Michigan, by far the leader in U.S tart cherry production, will see close to a 25 percent drop in production for 2019, according to a newly released USDA forecast. Mark Longstroth, a fruit educator with the Michigan State University extension office at Kalamazoo, said winter cold that wiped out much of the peaches and wine grapes in the state was not a factor in the lower tart cherry yield projections this year.
Instead, he said the rain that seemed to fall constantly this spring discouraged many bees from venturing out to pollinate while tart cherry trees were in full bloom. “The same rains that are keeping the corn and soybean guys out of the fields kept the bees out,” he explained.
USDA projects Michigan to produce 208 million pounds of tart cherries, compared to 264 million pounds in 2018. This year’s crop in Michigan, described by USDA as average, will still be higher than in 2017 when the state produced 189 million pounds.
“We have a decent crop; not a good one,” Longstroth said.
He said most of the losses are in southwestern Michigan, one of the largest producing areas of tart cherries in the state, because of the wet conditions here being more extreme. Going into the season, he expected losses would be from the bitter cold since the polar vortex in late January and February was more severe in southwestern Michigan than other parts of the state.
He was surprised to see plenty of blossoms on the cherry trees. His optimism increased when there was decent weather for pollination early in the blooming season; however, Mother Nature’s spigot came on and didn’t shut off long enough for bees to venture out in their usual numbers to pollinate, before the blossoms dropped from the branches without bearing fruit.
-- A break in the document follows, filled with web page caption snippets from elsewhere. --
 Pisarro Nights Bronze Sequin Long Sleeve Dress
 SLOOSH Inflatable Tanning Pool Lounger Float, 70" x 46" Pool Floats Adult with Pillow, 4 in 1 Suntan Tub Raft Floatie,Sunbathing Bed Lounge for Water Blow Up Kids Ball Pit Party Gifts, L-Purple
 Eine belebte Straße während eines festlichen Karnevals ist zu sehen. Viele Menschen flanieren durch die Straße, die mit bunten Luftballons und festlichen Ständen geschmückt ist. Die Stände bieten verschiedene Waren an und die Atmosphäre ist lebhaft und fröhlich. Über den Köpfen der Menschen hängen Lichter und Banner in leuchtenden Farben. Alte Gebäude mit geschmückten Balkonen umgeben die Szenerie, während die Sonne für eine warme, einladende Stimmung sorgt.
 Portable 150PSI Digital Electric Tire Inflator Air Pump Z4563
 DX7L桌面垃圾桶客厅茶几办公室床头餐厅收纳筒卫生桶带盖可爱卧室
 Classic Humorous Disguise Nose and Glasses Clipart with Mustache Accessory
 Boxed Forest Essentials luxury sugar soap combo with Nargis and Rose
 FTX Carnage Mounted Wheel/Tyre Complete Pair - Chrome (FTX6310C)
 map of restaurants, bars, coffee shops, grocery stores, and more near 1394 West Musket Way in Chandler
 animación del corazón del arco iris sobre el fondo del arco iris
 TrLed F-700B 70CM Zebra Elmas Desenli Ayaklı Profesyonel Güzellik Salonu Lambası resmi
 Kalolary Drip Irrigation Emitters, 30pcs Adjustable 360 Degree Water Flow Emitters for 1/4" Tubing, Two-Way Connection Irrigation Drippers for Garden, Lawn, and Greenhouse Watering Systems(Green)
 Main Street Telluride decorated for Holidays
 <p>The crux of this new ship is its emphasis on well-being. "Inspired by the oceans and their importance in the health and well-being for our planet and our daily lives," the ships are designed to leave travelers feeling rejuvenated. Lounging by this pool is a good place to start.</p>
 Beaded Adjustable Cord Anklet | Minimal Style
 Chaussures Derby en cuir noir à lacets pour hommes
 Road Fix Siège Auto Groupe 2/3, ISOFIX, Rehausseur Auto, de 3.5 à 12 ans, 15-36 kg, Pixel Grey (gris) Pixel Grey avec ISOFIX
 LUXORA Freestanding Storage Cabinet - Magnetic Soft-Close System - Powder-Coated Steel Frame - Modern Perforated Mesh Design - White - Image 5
He estimates a 50 percent loss in the southwestern Michigan tart cherry crop in Berrien, Cass, Van Buren, St. Joseph, and Allegan counties near Lake Michigan. About 10-15 percent of the crop losses in that region were from cold-related damage to mostly three-year old cherry trees.
Longstroth said the crop fared much better in other major tart cherry-producing areas of the state, like Traverse City, that weren’t quite as wet this spring.
According to USDA, the 189 million pounds of tart cherries from Michigan in 2017 were nearly four times the amount combined from the next leading U.S. growers, Utah and Washington.
Longstroth said at least 95 percent of the peaches and much of the wine grapes in southwestern Michigan were lost to the bitter cold, while peaches in areas not quite as subzero – such as near Detroit – fared much better.
Right now, he said it appears the extreme cold did not hurt the southwestern Michigan blueberry crop as much as originally anticipated. Blueberries are about as sensitive to minus-20 Fahrenheit temperatures as peaches and wine grapes.
“Blueberries bloomed real well. I expected a lot more winter injury in blueberries than I am seeing,” Longstroth noted.
The score card on the fruit, though, is not fully known. He explained that fruit emerging from any blueberry bushes damaged from extreme winter temperatures will drop to the ground over the next couple weeks prior to reaching maturity.
He said there will also not be a bumper crop of apples because some varieties were also hurt by lack of pollination from the wet spring. There might be fewer strawberries in Michigan for the upcoming season, but the size and quality of those is expected to be excellent because of the wet spring.
Longstroth said this was the third polar vortex to hit Michigan since 2014; the last one prior to that was 1994. “People down here are kind of wondering if either it’s going to be a warm winter or a really cold winter. That messes them all up,” he added.